**Material provided**
————
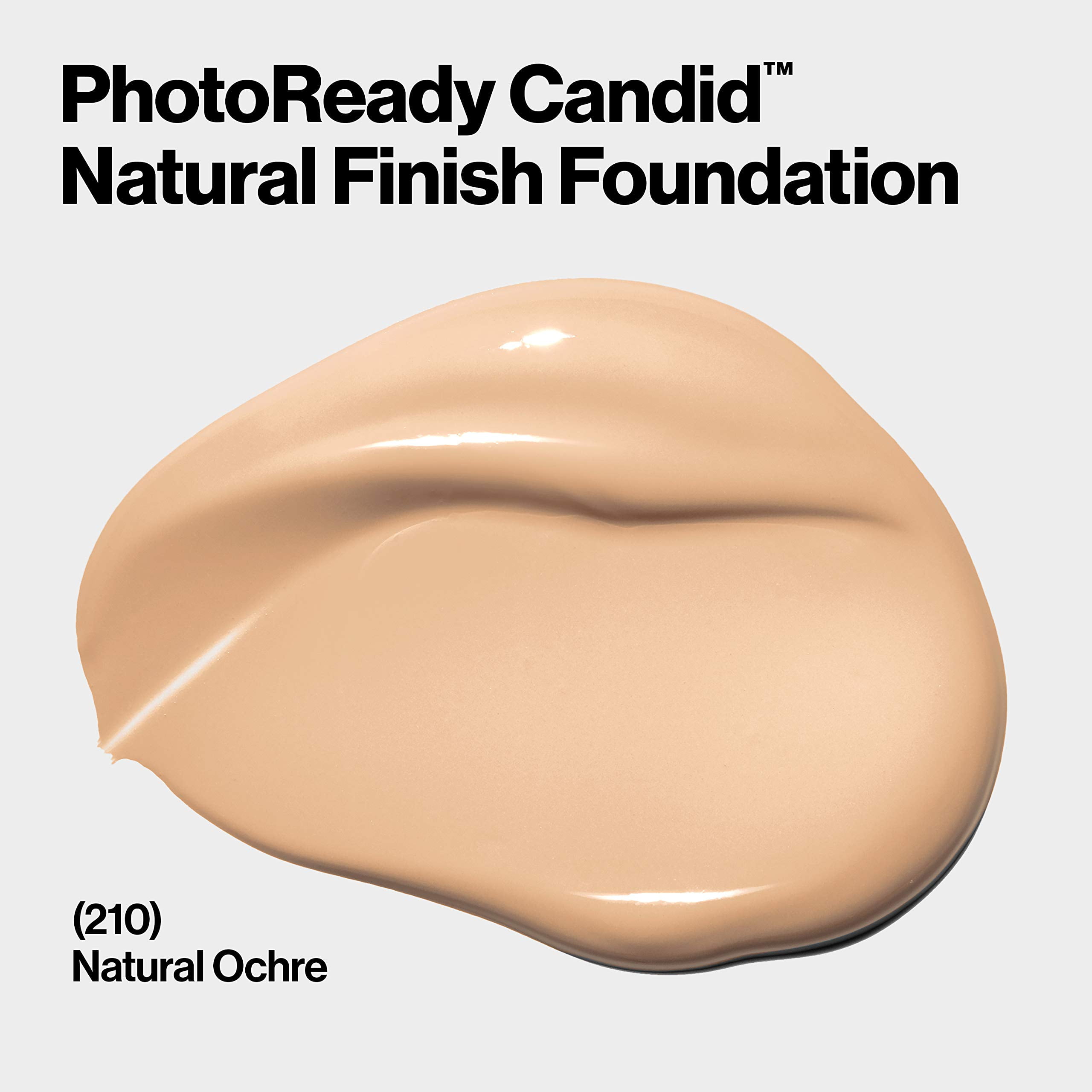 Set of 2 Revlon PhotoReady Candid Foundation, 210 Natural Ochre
————
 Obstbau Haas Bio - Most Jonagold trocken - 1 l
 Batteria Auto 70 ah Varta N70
————
**Task**
Of the entries listed above, reproduce only the lines starting at the line containing "Obstbau Haas Bio" and ending at the line containing "Batteria Auto 70 ah Varta N70". Include both, exactly as they stand.

**Answer to this task**
 Obstbau Haas Bio - Most Jonagold trocken - 1 l
 Batteria Auto 70 ah Varta N70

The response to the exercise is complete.